On every line of the listing, check for "Green"; copy the lines that have it.

__DATA RECORDS__
########

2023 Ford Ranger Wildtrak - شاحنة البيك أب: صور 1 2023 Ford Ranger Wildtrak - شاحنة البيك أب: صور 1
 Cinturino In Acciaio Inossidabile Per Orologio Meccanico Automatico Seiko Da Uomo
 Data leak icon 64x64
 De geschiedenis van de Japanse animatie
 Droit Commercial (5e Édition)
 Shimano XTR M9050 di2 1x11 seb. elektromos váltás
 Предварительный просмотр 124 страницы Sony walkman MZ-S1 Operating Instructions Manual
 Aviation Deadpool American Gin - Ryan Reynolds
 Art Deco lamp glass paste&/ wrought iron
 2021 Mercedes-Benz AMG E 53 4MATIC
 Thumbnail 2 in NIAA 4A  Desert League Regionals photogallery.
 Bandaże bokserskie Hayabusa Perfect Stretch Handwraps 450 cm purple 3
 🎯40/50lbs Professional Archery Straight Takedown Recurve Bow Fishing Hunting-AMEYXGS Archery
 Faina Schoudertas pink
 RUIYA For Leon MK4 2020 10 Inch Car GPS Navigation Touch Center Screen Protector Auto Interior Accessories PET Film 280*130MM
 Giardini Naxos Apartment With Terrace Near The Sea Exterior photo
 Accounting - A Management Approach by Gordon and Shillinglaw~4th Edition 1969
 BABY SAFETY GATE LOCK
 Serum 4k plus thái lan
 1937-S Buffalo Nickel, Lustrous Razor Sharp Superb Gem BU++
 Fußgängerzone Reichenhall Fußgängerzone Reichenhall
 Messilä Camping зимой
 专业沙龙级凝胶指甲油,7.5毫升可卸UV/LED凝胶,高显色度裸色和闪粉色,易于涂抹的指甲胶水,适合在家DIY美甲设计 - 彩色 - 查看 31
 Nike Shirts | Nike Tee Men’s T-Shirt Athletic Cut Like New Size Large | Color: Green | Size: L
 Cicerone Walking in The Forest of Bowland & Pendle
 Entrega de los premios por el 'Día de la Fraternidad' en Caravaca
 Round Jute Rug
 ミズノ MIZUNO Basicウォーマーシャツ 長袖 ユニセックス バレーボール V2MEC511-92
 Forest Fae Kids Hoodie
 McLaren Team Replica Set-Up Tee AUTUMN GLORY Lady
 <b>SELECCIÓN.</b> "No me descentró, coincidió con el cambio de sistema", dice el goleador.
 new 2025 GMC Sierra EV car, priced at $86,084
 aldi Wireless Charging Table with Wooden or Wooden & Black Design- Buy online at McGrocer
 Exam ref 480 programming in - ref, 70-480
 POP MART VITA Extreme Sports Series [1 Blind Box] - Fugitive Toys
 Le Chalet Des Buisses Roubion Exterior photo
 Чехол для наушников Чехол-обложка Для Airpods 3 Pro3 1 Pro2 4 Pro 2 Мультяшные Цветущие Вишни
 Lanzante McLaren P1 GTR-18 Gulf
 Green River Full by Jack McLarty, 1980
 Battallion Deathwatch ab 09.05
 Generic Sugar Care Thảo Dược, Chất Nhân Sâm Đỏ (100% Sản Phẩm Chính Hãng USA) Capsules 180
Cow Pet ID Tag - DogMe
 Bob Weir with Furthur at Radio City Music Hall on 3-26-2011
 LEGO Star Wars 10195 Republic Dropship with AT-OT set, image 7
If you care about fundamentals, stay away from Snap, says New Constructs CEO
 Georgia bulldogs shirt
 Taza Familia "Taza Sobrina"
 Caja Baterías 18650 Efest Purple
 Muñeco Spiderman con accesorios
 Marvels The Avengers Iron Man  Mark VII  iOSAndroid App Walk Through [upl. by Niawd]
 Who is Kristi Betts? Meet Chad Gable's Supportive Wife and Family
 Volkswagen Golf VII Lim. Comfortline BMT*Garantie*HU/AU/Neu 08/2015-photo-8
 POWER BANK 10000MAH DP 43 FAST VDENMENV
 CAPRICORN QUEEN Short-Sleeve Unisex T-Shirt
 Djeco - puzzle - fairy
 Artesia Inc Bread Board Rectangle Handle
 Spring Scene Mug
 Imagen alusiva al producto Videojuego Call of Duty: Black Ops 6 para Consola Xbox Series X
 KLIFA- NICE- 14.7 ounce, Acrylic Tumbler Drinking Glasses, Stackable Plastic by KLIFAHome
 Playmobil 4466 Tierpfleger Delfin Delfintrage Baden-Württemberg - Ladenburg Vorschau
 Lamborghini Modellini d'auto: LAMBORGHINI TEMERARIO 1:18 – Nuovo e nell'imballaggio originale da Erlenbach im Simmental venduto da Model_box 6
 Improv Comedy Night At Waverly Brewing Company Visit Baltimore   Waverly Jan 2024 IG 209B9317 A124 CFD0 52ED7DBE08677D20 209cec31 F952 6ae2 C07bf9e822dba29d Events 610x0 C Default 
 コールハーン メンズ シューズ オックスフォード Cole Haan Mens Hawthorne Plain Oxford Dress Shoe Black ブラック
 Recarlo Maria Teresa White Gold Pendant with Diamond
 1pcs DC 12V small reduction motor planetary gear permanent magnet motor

########

__WRITTEN RESPONSE__
 Nike Shirts | Nike Tee Men’s T-Shirt Athletic Cut Like New Size Large | Color: Green | Size: L
 Green River Full by Jack McLarty, 1980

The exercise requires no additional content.